Pictures with short captions:
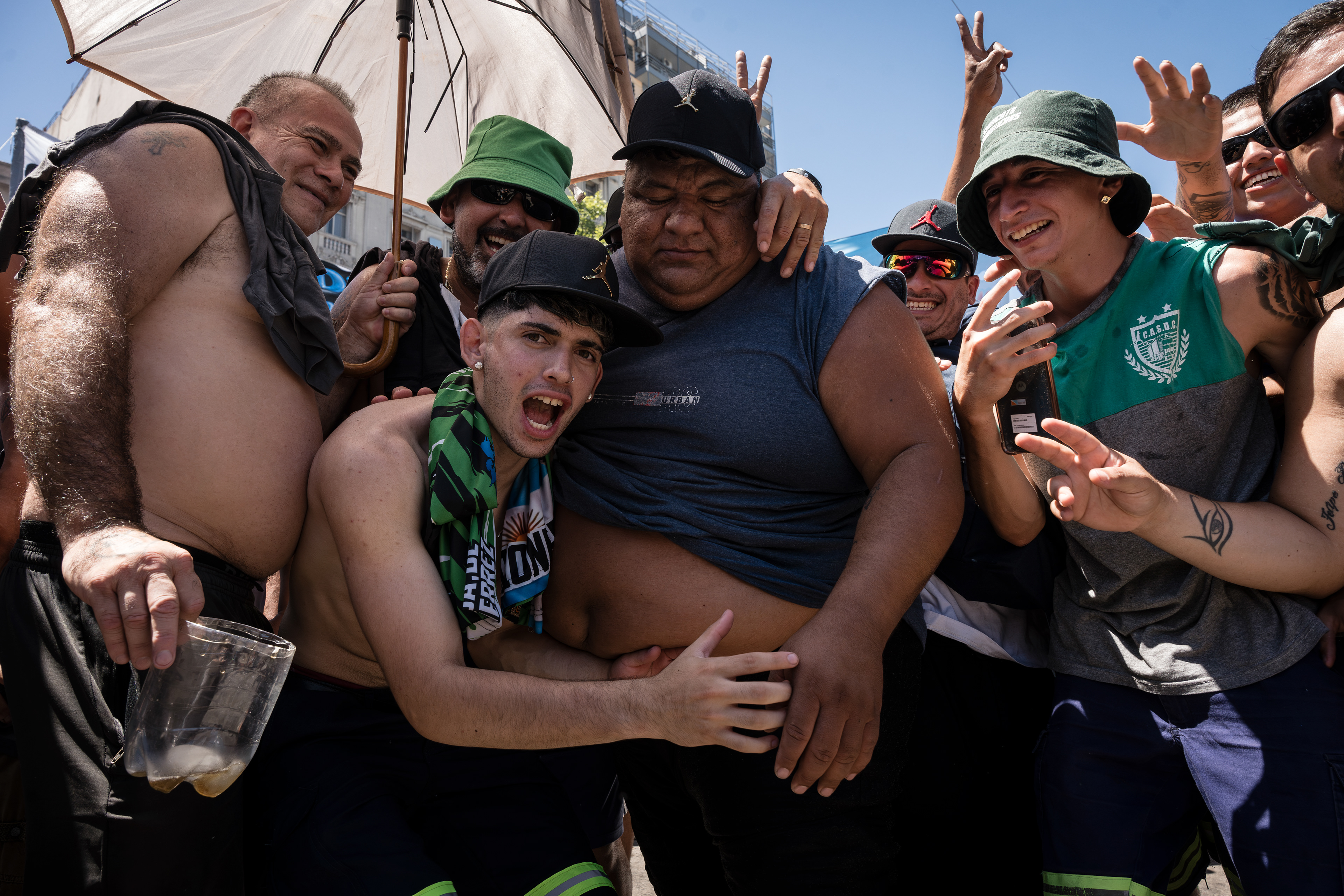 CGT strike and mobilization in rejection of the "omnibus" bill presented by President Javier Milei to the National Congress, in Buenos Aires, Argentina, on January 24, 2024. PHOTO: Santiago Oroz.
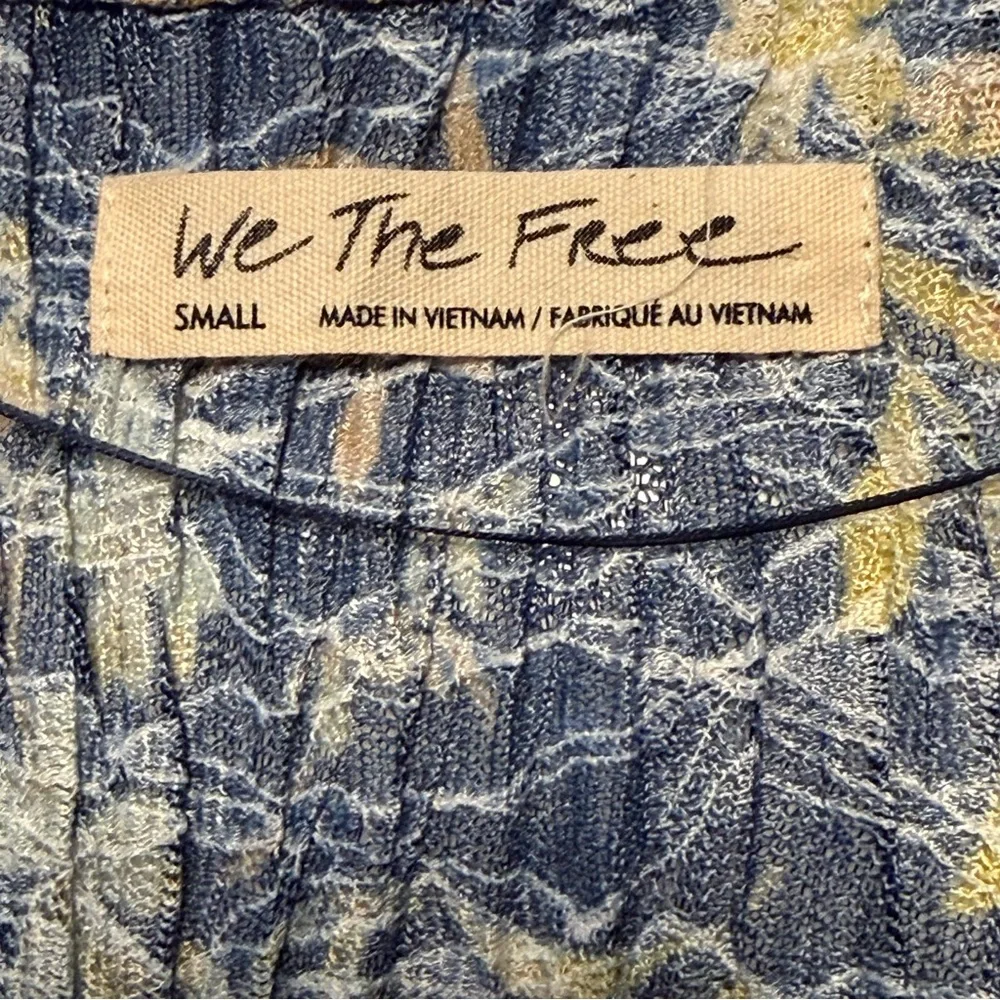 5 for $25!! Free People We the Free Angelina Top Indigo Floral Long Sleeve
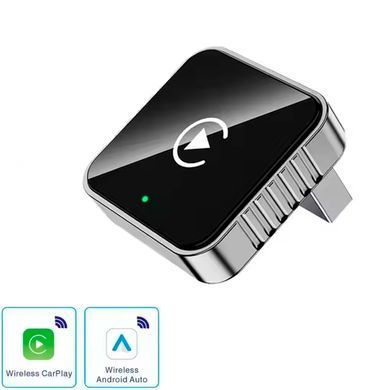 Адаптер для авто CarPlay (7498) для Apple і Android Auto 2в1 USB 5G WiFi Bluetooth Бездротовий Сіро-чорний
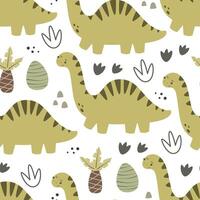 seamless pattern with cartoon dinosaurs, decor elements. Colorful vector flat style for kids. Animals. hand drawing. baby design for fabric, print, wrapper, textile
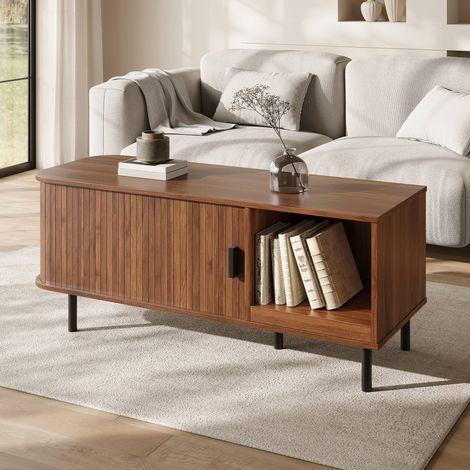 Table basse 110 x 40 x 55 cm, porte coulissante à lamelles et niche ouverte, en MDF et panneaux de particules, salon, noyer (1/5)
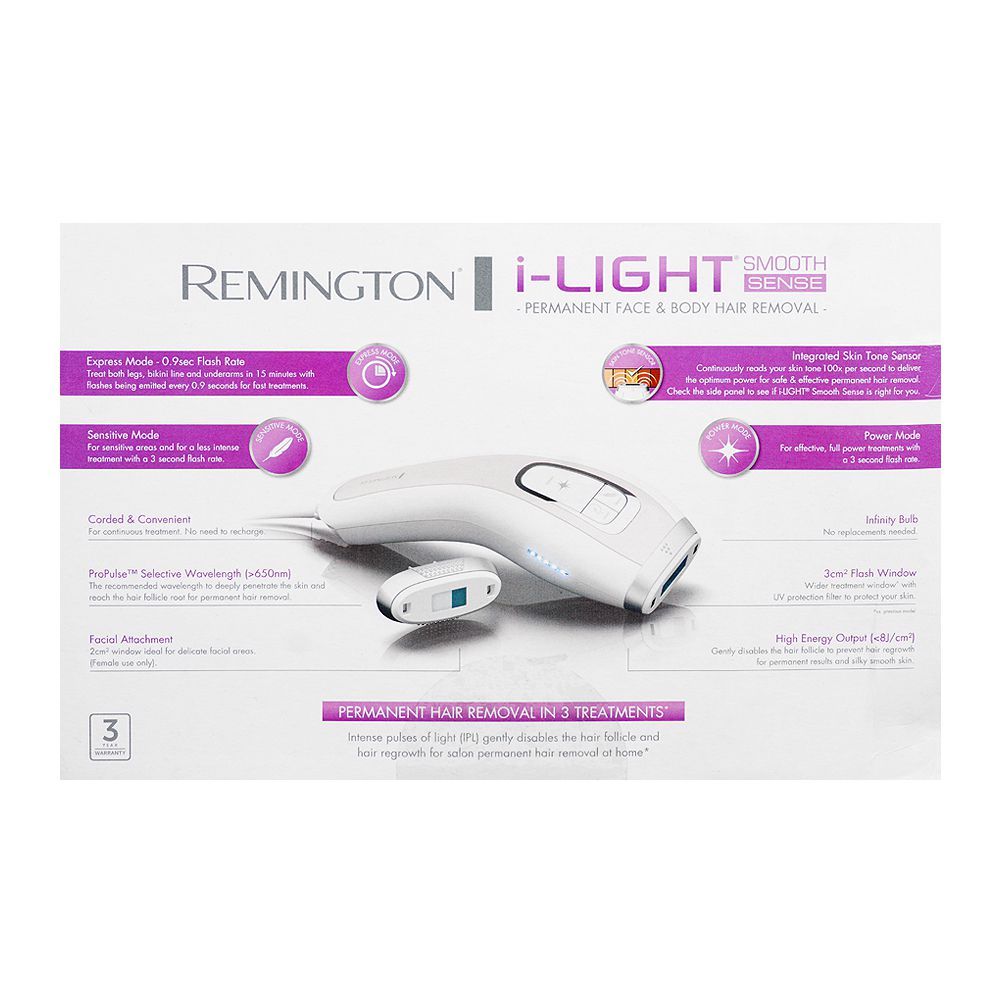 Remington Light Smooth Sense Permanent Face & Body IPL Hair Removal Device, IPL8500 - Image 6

ASSIGNMENT: With the pictures left out, copy exactly the lines from the one containing "Адаптер для авто" through the last line of the data.

RESULT FOR THIS TASK:
 Адаптер для авто CarPlay (7498) для Apple і Android Auto 2в1 USB 5G WiFi Bluetooth Бездротовий Сіро-чорний
 seamless pattern with cartoon dinosaurs, decor elements. Colorful vector flat style for kids. Animals. hand drawing. baby design for fabric, print, wrapper, textile
 Table basse 110 x 40 x 55 cm, porte coulissante à lamelles et niche ouverte, en MDF et panneaux de particules, salon, noyer (1/5)
 Remington Light Smooth Sense Permanent Face & Body IPL Hair Removal Device, IPL8500 - Image 6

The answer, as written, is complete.